The tests will aim to improve the way vehicles can communicate both with each other and with the road infrastructure that will underpin driverless technologies, such as signs and traffic lights.
“Our connected and automated technology could help improve traffic flow, cut congestion and reduce the potential for accidents. We will also improve the driving experience, with drivers able to choose how much support and assistance they need. In traffic, for example, the driver could choose autonomy assist during tedious or stressful parts of the journey,” Tony Harper from JLR says.
Central to the JLR vehicle is its Roadwork Assist technology, which utilizes a number of cameras to generate a three-dimensional view of the road ahead. This is used in complex and uncertain environments, such as when the road is being worked on and the car needs to navigate through cones and other road furniture.
The cars also come with technology to assist drivers as they maneuver in traffic jams or out of junctions. The technology hopes to reduce the number of low-speed collisions with its Safe Pullaway feature, which uses cameras to monitor the area immediately in front of the car.
Central to the project is what JLR call ‘Over the Horizon.’ This involves improvements to vehicle-to-vehicle communication so that cars, and their drivers, can be warned of potential hazards looming on the horizon, such as around a blind bend.
“Over The Horizon will make driving safer and could help prevent traffic jams and accidents. Providing the right information at the right time will enable better and safer decision-making, whether the car is driven by a human or is autonomous,” Harper says.

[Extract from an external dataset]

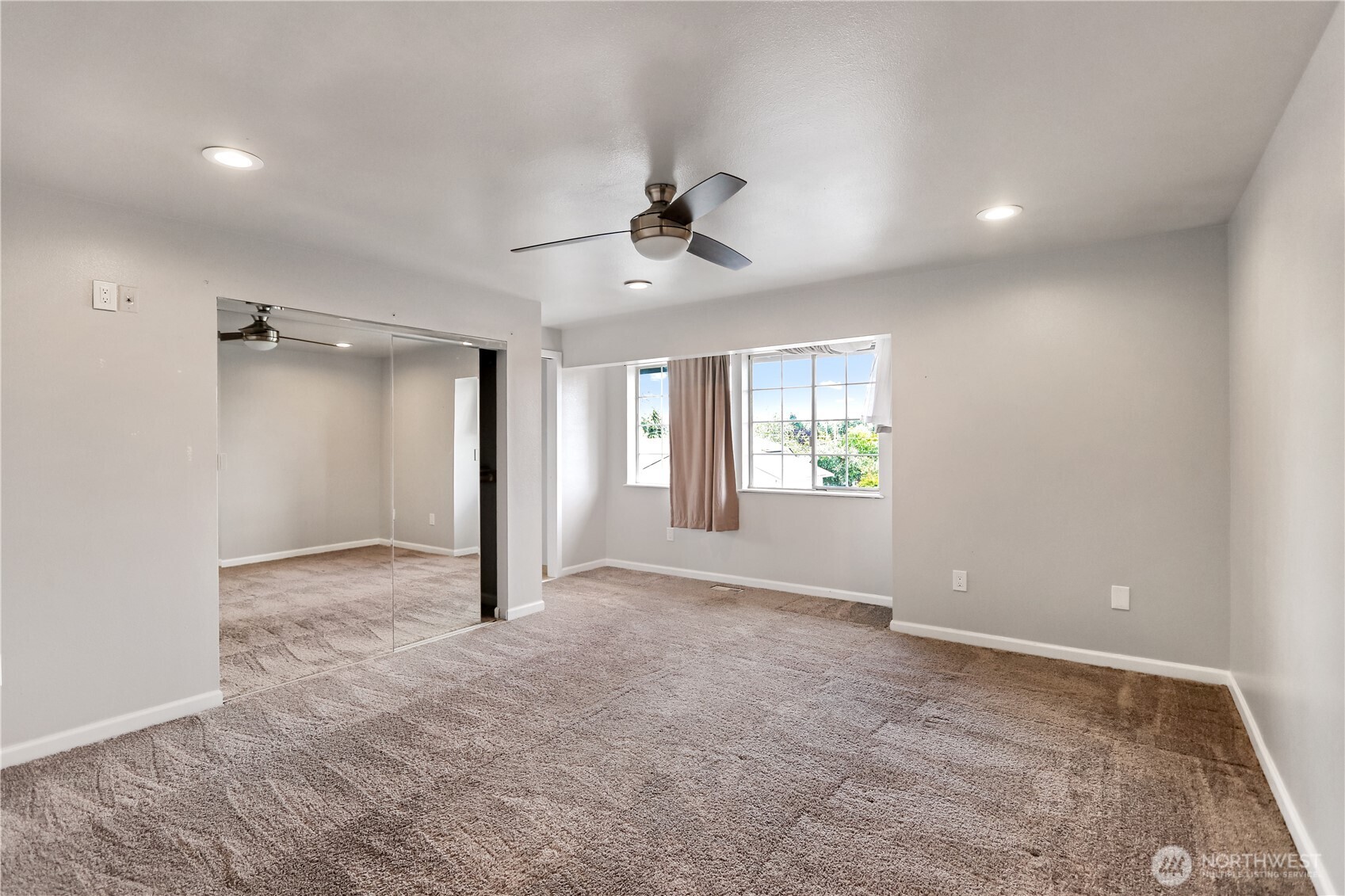1228 143rd Street Property Photo 8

For instance, if a vehicle is stopped, it would communicate this to other vehicles in the vicinity to ensure that both driver and vehicle are aware of the potential hazard.
I’ve written previously about a partnership between JLR and Coventry City Council to use smart features on vehicles to detect and report potholes. It’s nice to see continuing cooperation between the two groups to help progress driverless technology.